The present invention makes it possible for anyone to install a commercial grade automatic fire sprinkler over the home heating plant, at a very low cost, without tools and without professional help. It is a feature of this invention to provide an automatic fire extinguishing device for a heat system of the home, and in particular, for the home central heating system, the home hot water heating system and domestic clothes dryer.

Another feature is to provide fire arresting capability in the home that does not require human intervention to operate or initiate.

Another feature is to provide fire arresting capability without changing or altering the existing plumbing of the home.

In accordance with the foregoing features, an automatic fire extinguishing device of the present invention employs an automatic sprinkler head and a water transfer line. The automatic sprinkler head (or similar spray means) is of the type which is heat activated and automatically operates at a predetermined temperature. The transfer line is preferably a flexible tubing or any other suitable means for connecting the sprinkler head to a water supply. One end of the hose is connected to the sprinkler head, and the opposite end of the hose is connected to an existing port of a water supply in the home. The existing port may be the drain spigot or any other spigot to the water supply of the hot water heater or the central heating plant of the hot water, steam or gravity type, known to be used in a domestic dwelling, trailer home, recreational vehicle, or the like. The connection to the existing port provides the sprinkler head with a reservoir of water from which the sprinkler head automatically draws and sprinkles water in response to a fire.

The hose or transfer line is independent from plumbing lines which exist in the dwelling and is thus able to be installed without altering the existing plumbing of the home.

In addition, the end of the transfer line connected to the existing port may utilize a standard domestic garden hose female fitting to readily connect to the existing port.

The sprinkler head may have a wire loop attached to it to provide a means for hanging the sprinkler head in a suitable and desirable position. Preferably the sprinkler head is mounted above the heat system for which automatic fire extinguishing measures are sought.

In addition, the sprinkler head may have a threaded male port for receiving and connecting to the transfer line. In order to connect such a sprinkler head to a hose whose receiving end is not properly threaded, an adaptor is employed to convert the threaded male port into a port having a push-in type connection to the hose. The adaptor preferably comprises an element known as a hose barb which has a wide end that fits on the male port of the sprinkler head and an opposite narrow end which is pushed into and engages in the receiving end of the hose.
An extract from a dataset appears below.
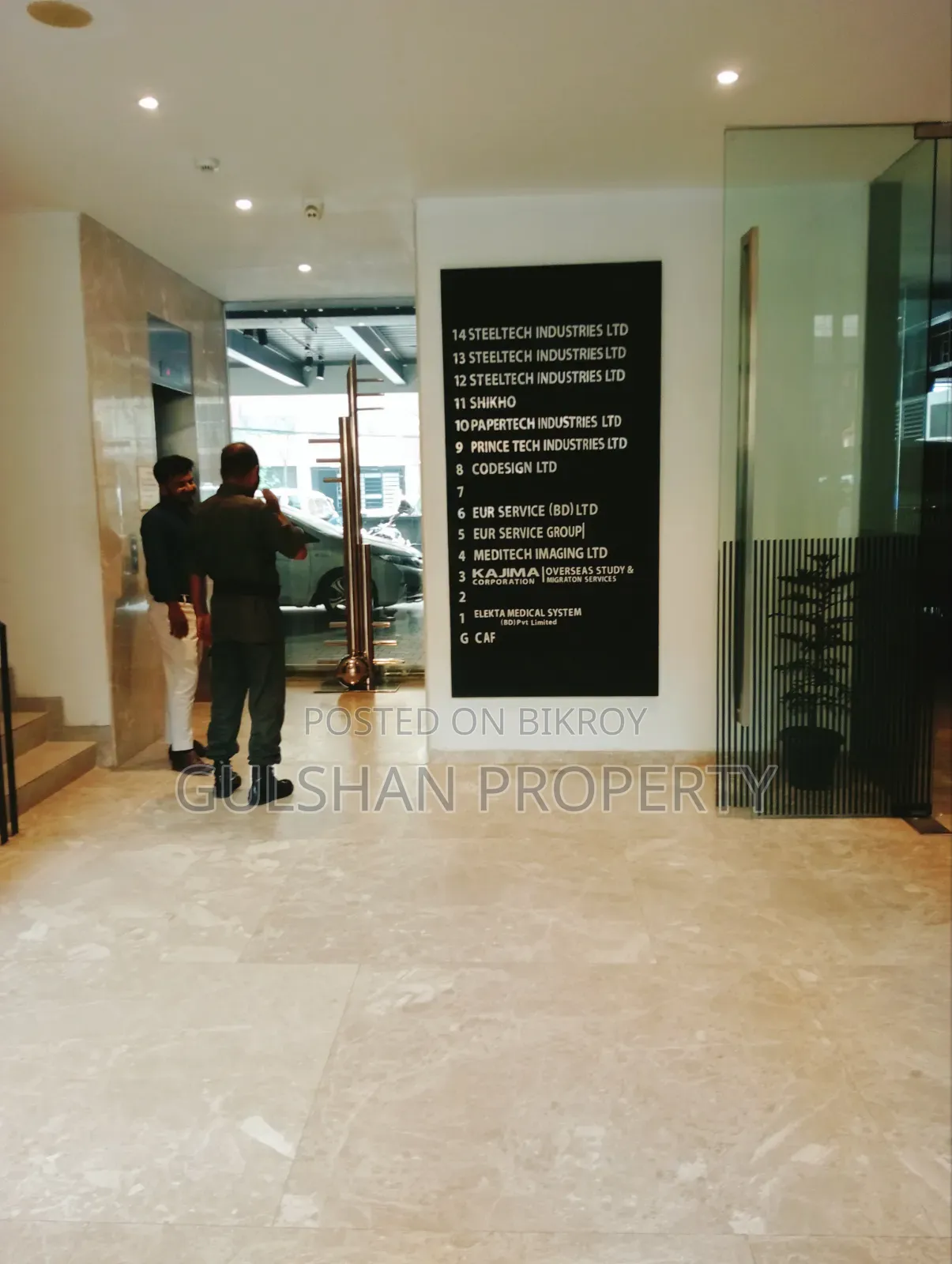 12000 sq ft Excellent Office and Restaurant for Rent First Floor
A clamp may be used to secure the hose end to the hose barb.

Alternatively, the sprinkler head may be manufactured such that the port of interest includes a hose barb for connection to a female threaded pipe.

In an alternative application of the present invention, the device may provide protection against fire generated by a domestic dryer. In this case, the opposite end of the transfer line is connected to the faucet or other outlet that supplies water to the washer. This provides a water source for the sprinkler head which is connected to the one end of the transfer line. The sprinkler head is mounted or hung above the dryer. In response to a fire or surrounding temperature which rises above a predetermined amount, the sprinkler head automatically sprays water drawn from the faucet to the immediate area.

The transfer line may be connected to the faucet by a T-coupling which allows water to flow to the washer as well as to the sprinkler head.

DETAILED DESCRIPTION OF THE DRAWINGS

The foregoing and other objects, features and advantages of the invention will be apparent from the following more particular description of preferred embodiments of the invention, as illustrated in the accompanying drawings in which like reference characters refer to the same parts throughout the different views. The drawings are not necessarily to scale, emphasis instead being placed upon illustrating the principles of the invention.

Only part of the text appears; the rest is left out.